摘要: Drought is among the most destructive and recurrent natural disasters worldwide. In recent decades, the frequency of drought events has increased, exerting significant impacts on socioeconomic development. The propagation of meteorological drought (MD) to soil moisture drought (SMD) is a common natural process; however, its dynamics across different seasons and vegetation types on the Qinghai-Xizang Plateau, as well as the underlying meteorological driving mechanisms, remain insufficiently understood. This study utilized precipitation and soil moisture data from the European Centre for Medium-Range Weather Forecasts (ECMWF) Reanalysis v5 (ERA5)-Land reanalysis dataset for the period 1982–2022. The standardized precipitation index (SPI) and standardized soil moisture index (SSMI) were employed to characterize MD and SMD, respectively.
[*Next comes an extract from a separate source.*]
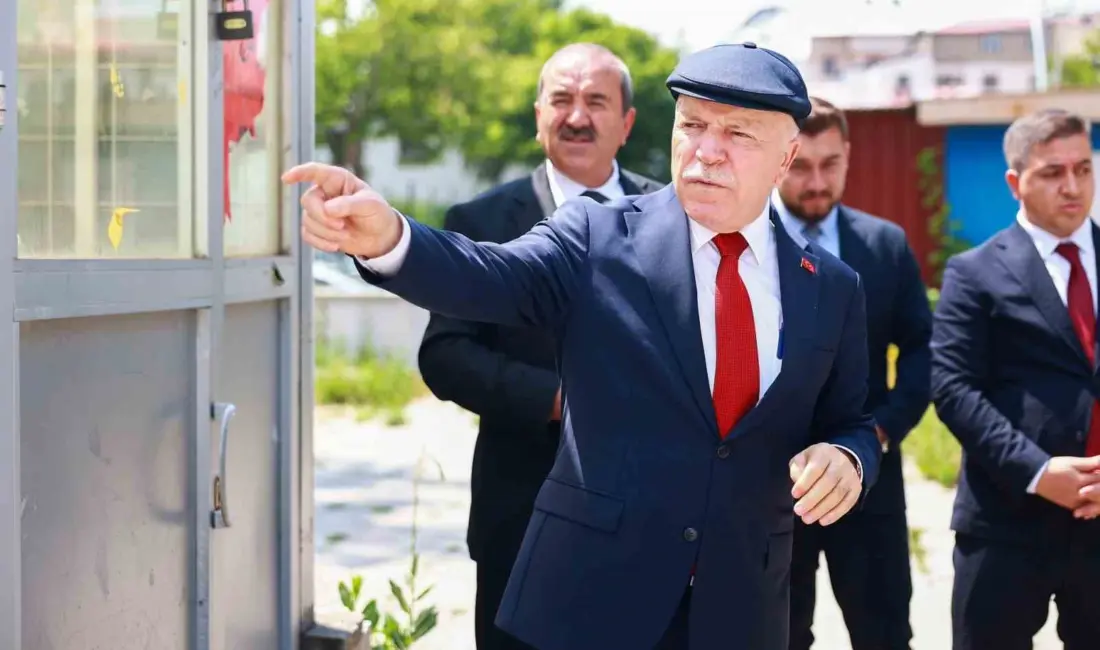 Erzurum Büyükşehir Belediye Başkanı Mehmet Sekmen, Yakutiye ilçesindeki tarihi Hacı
By integrating run theory with an optimal parameter geographical detector (OPGD) model, this study systematically analyzed the average duration and propagation time of MD and SMD across the Qinghai-Xizang Plateau, and quantitatively evaluated the explanatory power of various meteorological and topographical factors influencing drought propagation. The results indicated that the mean duration of SMD across the Qinghai-Xizang Plateau from 1982 to 2022 was generally longer than that of MD. Significant seasonal differences in propagation time were observed, with the average propagation time ranked as winter (21 d)>spring (14 d)>autumn (10 d)>summer (8 d). Spatial variability of propagation time was more pronounced in spring and winter than in summer and autumn. Furthermore, the analysis of driving mechanisms revealed that drought propagation from MD to SMD on the Qinghai-Xizang Plateau was primarily influenced by precipitation (relative contribution proportion of 51.9%), followed by evaporation (15.1%) and snowmelt (13.6%), with the strongest interaction effects associated with precipitation. Although the dominant factors across different vegetation types were generally consistent with those for the entire plateau, solar radiation also showed a relatively high contribution (average 13.9%) across vegetation types. In summary, this study provides a scientific basis for improving drought early warning systems and optimizing water resource management strategies.